§ Required work
Look below for the line with "4723 Marcos Circle Kissimmee FL 34758" and the line with "36099.0000 Bunn Reducer, .500 X .375". Copy exactly those two lines and every line between, but not the pictures.

§ Data to use
■ ■ ■ ■ ■
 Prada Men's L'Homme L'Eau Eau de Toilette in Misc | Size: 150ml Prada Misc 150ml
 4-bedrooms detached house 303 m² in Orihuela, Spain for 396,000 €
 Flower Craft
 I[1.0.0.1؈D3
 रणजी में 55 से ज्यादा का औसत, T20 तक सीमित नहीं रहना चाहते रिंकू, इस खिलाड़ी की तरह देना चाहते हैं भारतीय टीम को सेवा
■ ■ ■ ■ ■
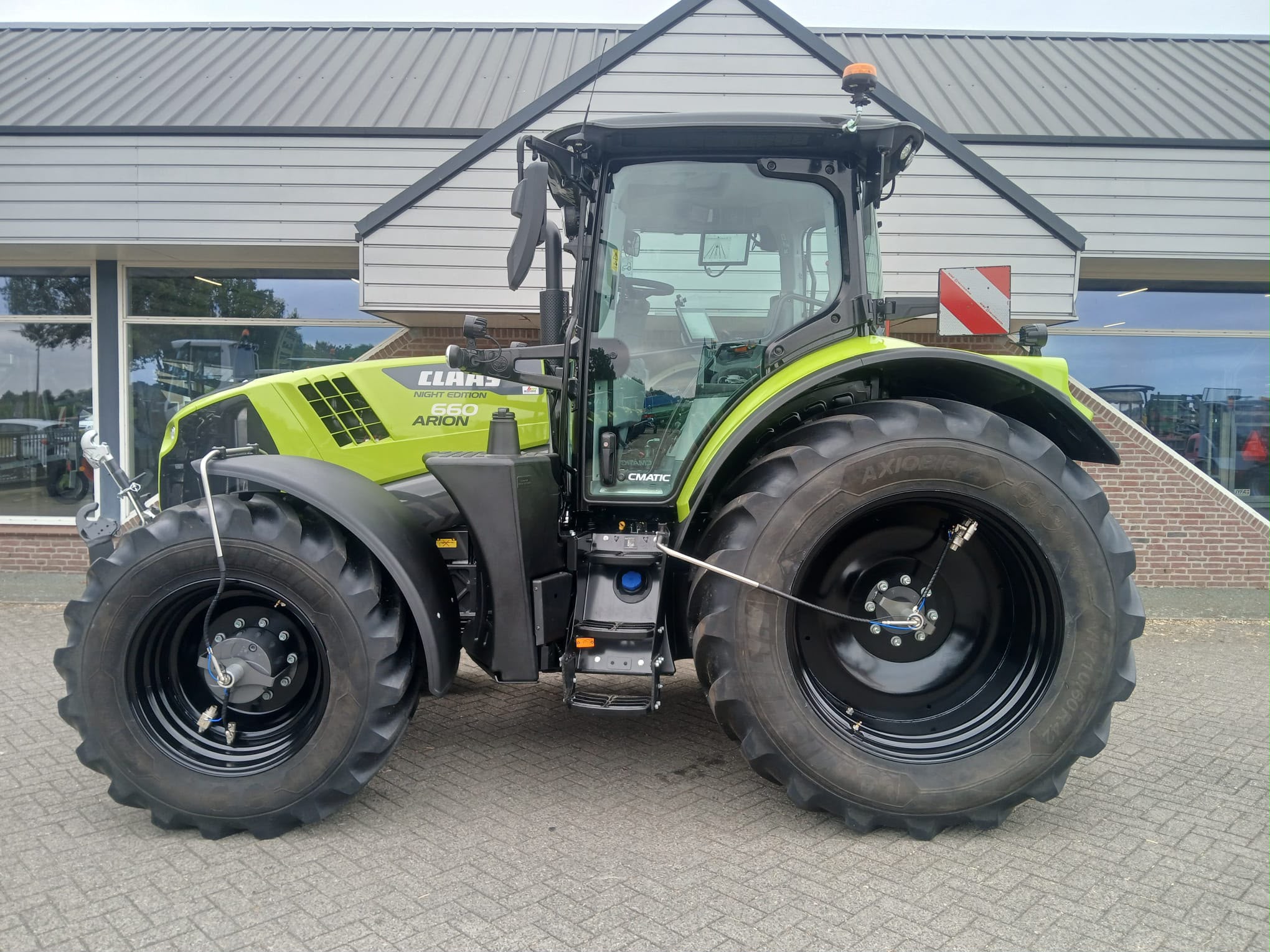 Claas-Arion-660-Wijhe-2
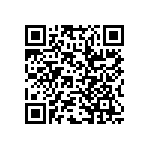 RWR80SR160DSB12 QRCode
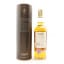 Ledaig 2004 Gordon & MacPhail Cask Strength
■ ■ ■ ■ ■
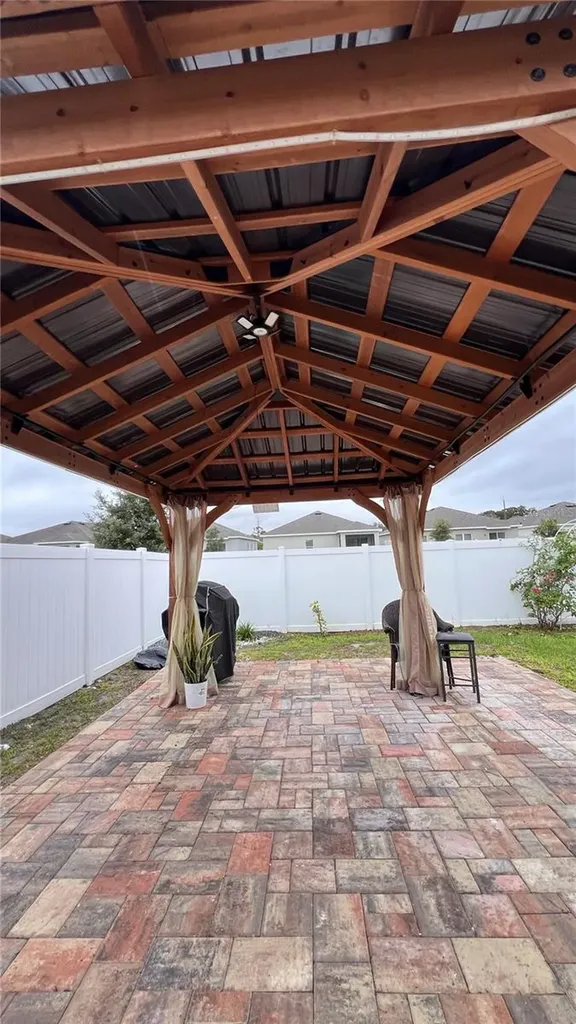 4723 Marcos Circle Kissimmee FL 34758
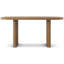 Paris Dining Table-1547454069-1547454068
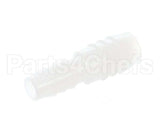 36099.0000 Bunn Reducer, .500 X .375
■ ■ ■ ■ ■
§ Expected answer
 4723 Marcos Circle Kissimmee FL 34758
 Paris Dining Table-1547454069-1547454068
 36099.0000 Bunn Reducer, .500 X .375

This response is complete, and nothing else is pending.